On June 9, 2016, HSI sued Cook in federal district court and asserted a federal claim for misappropriation of trade secrets under the DTSA as well as seven other state law claims, including, among others, claims under the California Uniform Trade Secrets Act and California Unfair Competition Law and for breach of contract. HSI filed an application for a TRO on the same day that it filed its lawsuit.
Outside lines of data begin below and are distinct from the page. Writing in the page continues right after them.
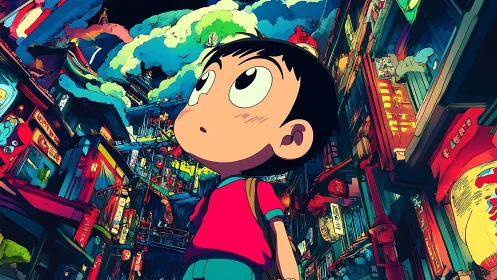Curious child explores neon anime city under vivid skies.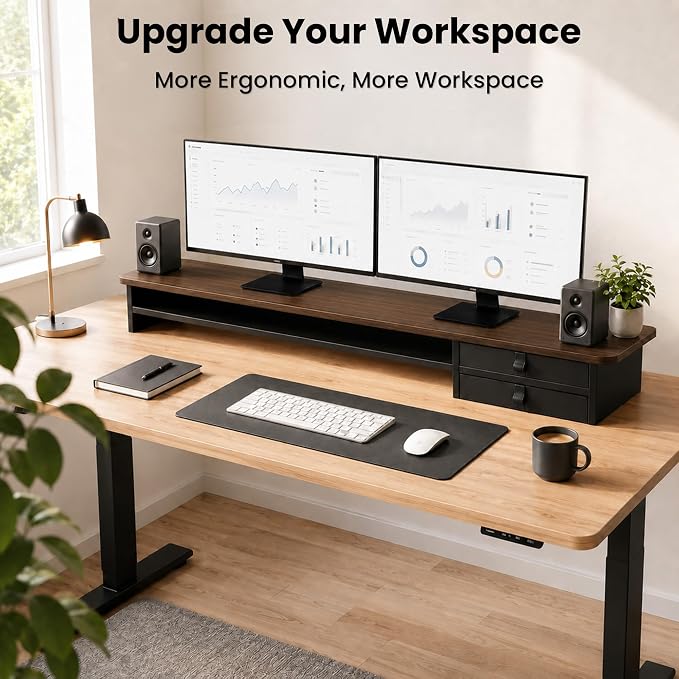 Dual Monitor Stand, 42.5 Inch Wood Monitor Riser with Drawers, 2 Tier Desktop Organizer for Computer Laptop TV, Large Screen Stand for Home Office Desk
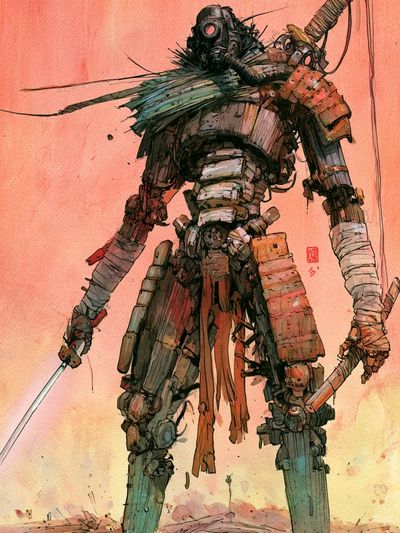 Samurai Mecha Warrior Illustration Poster.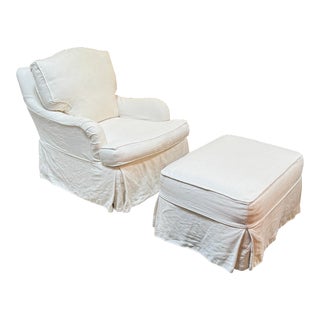 Restoration Hardware Classic Camelback Rocker/Glider + Ottoman For Sale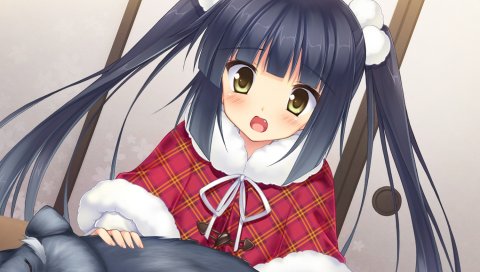 Игра cg, kazama minto, сакура нет ответа, девушка, брюнетка, открытый рот,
One day later, on June 10, 2016, the federal district court found that HSI was likely to succeed on the merits of its claims because it demonstrated that Cook e-mailed and downloaded, to her personal devices, confidential information from HSI before leaving her employment to work at a competitor and Cook had signed agreements containing confidentiality and non-solicitation provisions. The court also found that Cook would suffer no undue hardship from the entry of a TRO because HSI only requested that Cook be enjoined from soliciting HSI customers to which she was assigned – conduct that was already prohibited under her confidentiality and non-solicitation agreement. Finally, the court found that the public interest is served when a defendant is asked to do no more than abide by trade laws and the obligations of contractual agreements signed with her employer. Accordingly, the court granted a TRO prohibiting Defendant from accessing or using HSI information and from contacting or soliciting HSI customers. Notably, the court did not require a bond because the TRO would not cause any damage to Cook’s legitimate business and in her contracts with HSI she agreed that HSI could seek injunctive relief without a bond.

Lessons Learned

The swift grant of a TRO by the federal district court demonstrates the utility of the new federal trade secrets law in protecting trade secrets and holding employees accountable for violating contractual and common law obligations to employers who provide them with access to confidential information and trade secrets to further business interests.